Afganistan’a gitme fikrinin gündem toplantısında bir anda ortaya çıktığını aktarıyor Ayşemine. “Bir pazar günü haber toplantısına ben girmiştim. Genel Yayın Direktörümüz Hüseyin Likoğlu “Bir arkadaşımızı Afganistan’a göndersek” dedi. “Ben giderim” dedim. “Ciddi misin” dedi. Süreç o denli başladı. Nasıl gideceğim nerede kalacağım, kimler yardım edecek hepsini planladım.
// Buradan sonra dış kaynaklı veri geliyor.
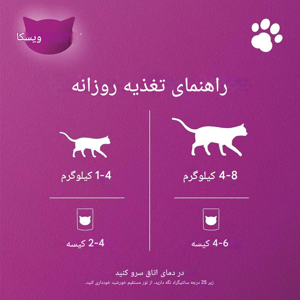 پوچ گربه ویسکاس مدل with chiken in gravy وزن 80 گرم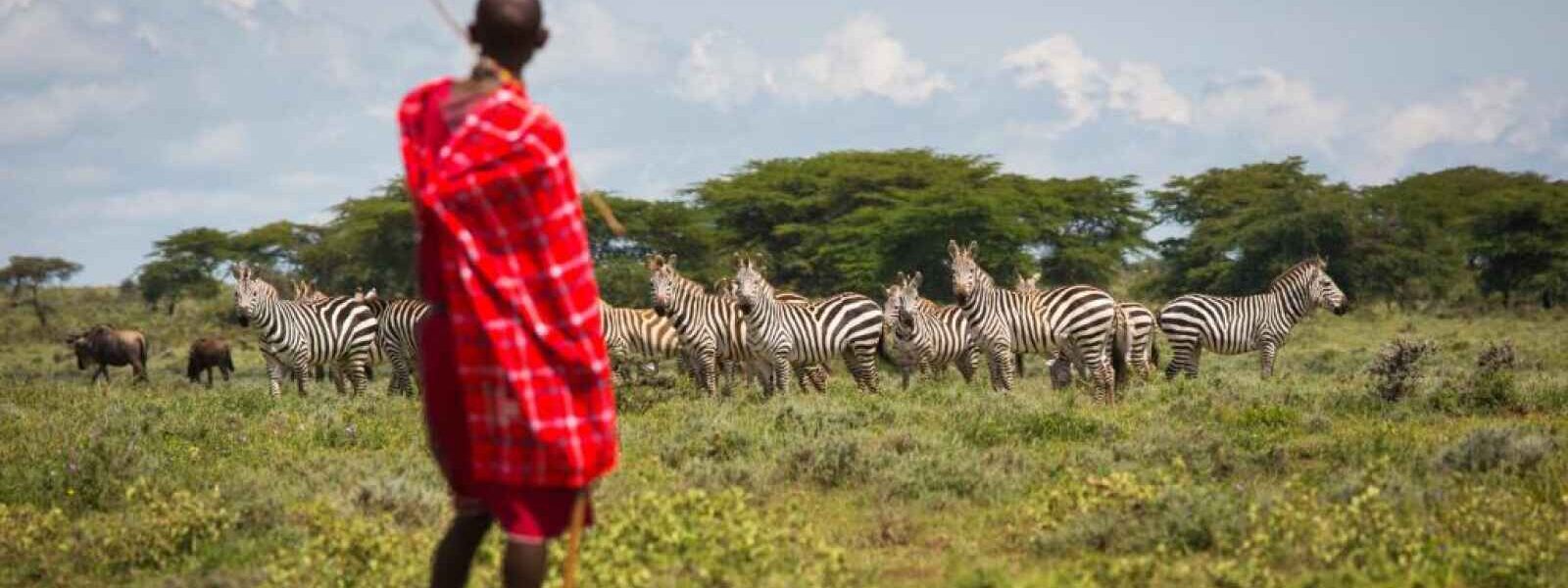 Masaï et zèbres, Maji Moto, Kenya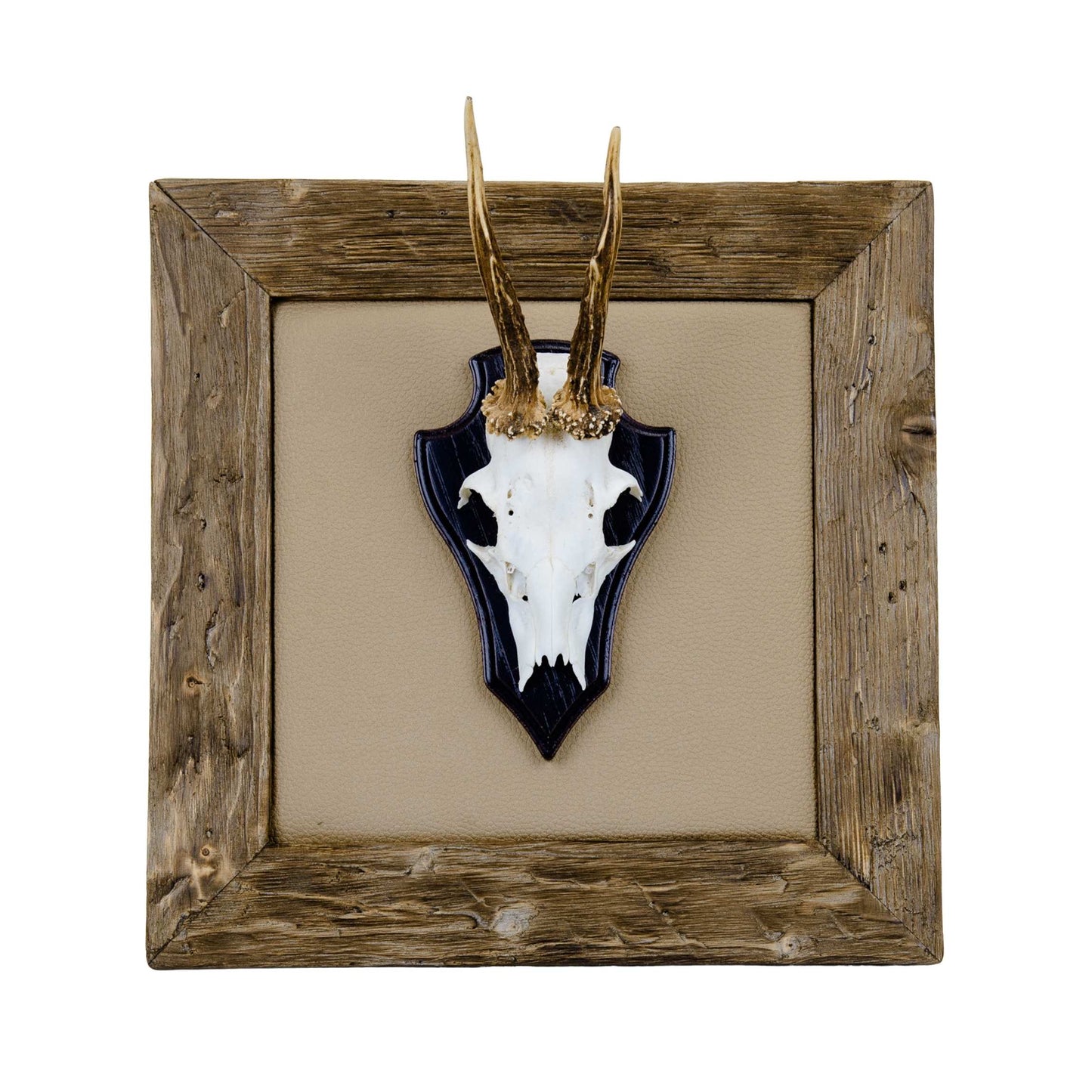 Geweihbilder Leder beige - Holz hell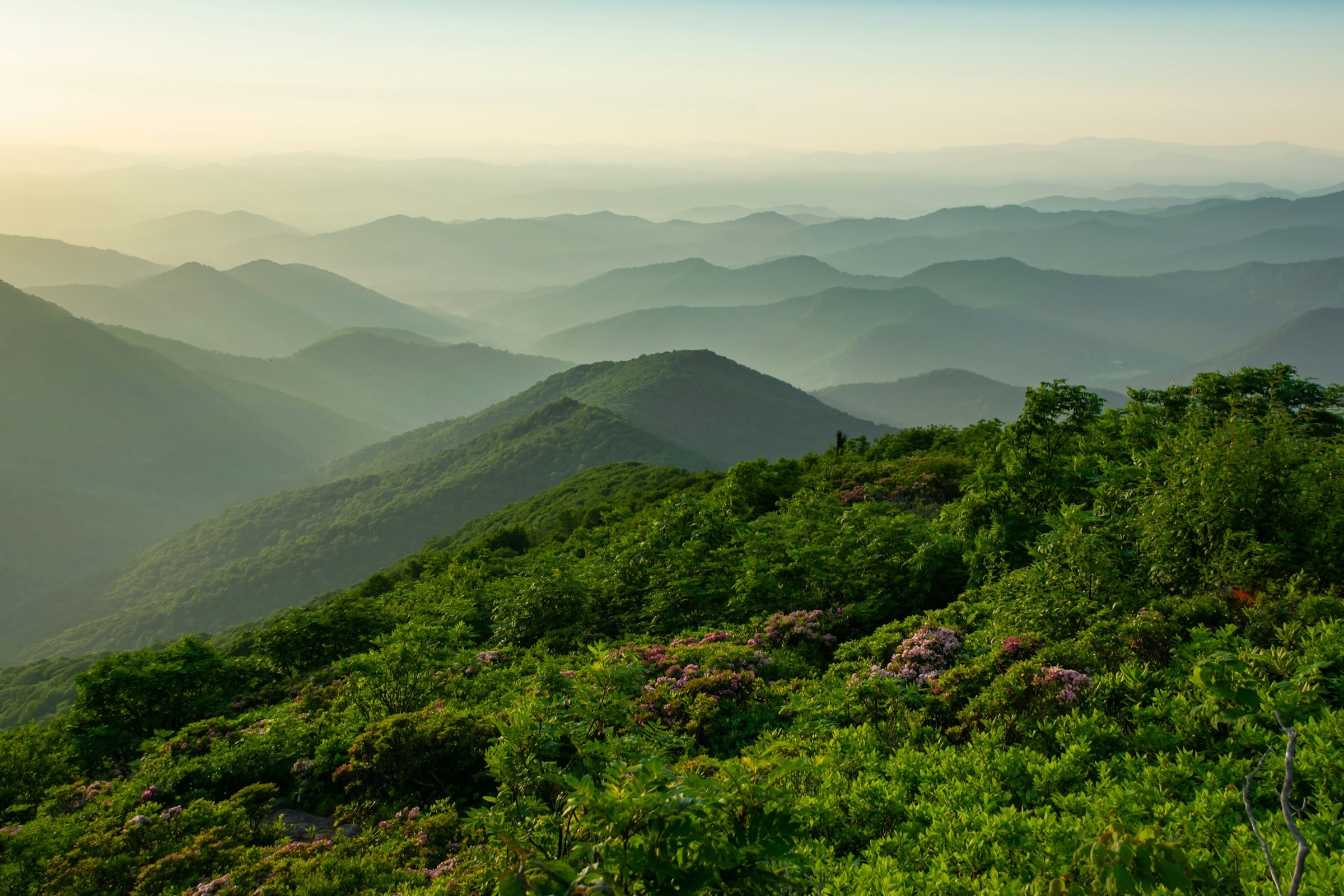 Layered green Blue Ridge ridgelines fading into haze, with blooming shrubs in the foreground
Evvel Pakistan’a, oradan da Afganistan’a geçtim.”

Ayşemine Alioğlu




BOMBA İHBARINA REAKSİYON VERMİYORLAR

Kabilde hayat olağan biçimde yaşanıyor diyor Ayşemine ve ekliyor, “Canlı bomba ihbarı bulunmasına karşın kimse yerinden ayrılmıyor. Bu hayat, insanların normali haline gelmiş. Beşerler rahat bir biçimde dolaşıyorlar. Bayanlarla epey konuşamadım. Konuştuğum mültecilerse, parasızlıktan ve yokluktan şikâyet ediyorlardı.

Beşerler, Taliban’ın bana zorluk çıkarmadığına inanmıyor. Etrafımdaki arkadaşlara zorluk çıkaran Taliban askerleri olmuş. Lakin ben yaşamadım. Onlar erkek olduğu biçimde sorun yaşadılar. Tahminen de kameralardan rahatsız oldular, bilmiyorum. Tahminen temasa geçsem bana da makus davranacaklar… Birinci gittiğim gün hatıra fotoğrafı çektirdik.”

HAYAT DEVAM EDİYOR

Toplumsal medyadaki kimi manzaralar niçiniyle kullanıcılar haklı olarak “Öyleyse niye kaçıyordular?” sorusunu soruyordu. Taha, birkaç niçine bağladığı bu durumu şöyleki açıklıyor, “İlki, Kabil dışındaki birtakım kentlerde Taliban ve lokal güçler içinde çatışmalar yaşandı. Bu birlikteinde göç dalgasını getirdi. Meskenlerini bırakan beşerler ya havalimanına ya da İran hududuna yöneldi. İkinci olarak Taliban’a karşı İngiltere, Almanya, Fransa ve ABD misyonlarıyla çalışan kesim, yeni idare tarafınca cezalandırılacağı niyetiyle kaçış yoluna ilerledi. Büyükelçiliklerde yabancı güçlerin geride bıraktığı ‘işbirlikçiler listesi’ bu kaçışı daha da tetikledi. Sonuncusu da bir biçimde yurt dışına çıkma planı yapan kısmın, ‘Kaostan istifade biz de ortaya girelim’ fikriyle hareket etmesi. Öte yandan ABD güçlerinin çekilirken ‘İsteyeni götüreceğiz’ davetinin tesirli olduğu Taliban tarafınca öne sürülse de bunu destekleyecek somut ispat çabucak hemen yok.”

YENİ TERTİBE ALIŞIYORLAR

Taha Hüseyin Karagöz, ülkedeki genel havanın savaş ikliminden uzak olduğunun altını çiziyor ve kelamlarını şu biçimde tamamlıyor: “Global haber ajanslarının servis ettiği biçimde her sokak ve caddede bir savaş iklimi yok. Beşerler evvelde olduğu üzere günlük hayatlarını sürdürüyor. Yalnız bu defa dükkanlar daha erken kapanıyor, cümbüş yerleri kilitli. Sokaklarda duyulabilen tek yüksek ses, Kur’an’a ilişkin. Birfazlaca tezadın yaşandığı ülkede halk Taliban’a, Taliban ise silah yerine kaleme alışmaya çalışıyor.”

Taha Hüseyin Karagöz


HALK İSTİKRAR BEKLİYOR

Uzun vakittir savaşın bitmesi hayaliyle yaşayan Afganlar, idare değişikliğine sevinse de Taliban’a ait tasaları de yok değil. Kabil sokaklarına hâkim olan en ağır hissin da bu niçinle korku olduğunu aktarıyor Taha Hüseyin Karagöz. “Yönetimin Taliban’a geçmesiyle öncesinden var olan güvensizlik hissi nispeten azalsa da geçim sorunu noktasında belirsizlik daha da derinleşti. Genel kanı ‘Taliban artık asker olmaktan çıkıp devlet olmalı ve bize bir yol çizmeli’ istikametinde. Halkın tek istediği şey, yeterli ya da makûs idareden fazla istikrar. Bilinmezlik niçiniyle, uzun vadeli plan yapamıyorlar. Her şeyin her an alt üst olabileceği fikri zihinlerinde. Özetle sokaklara, ‘Bizi nasıl yönetecekler, goreceğiz’ fısıltıları hâkim.”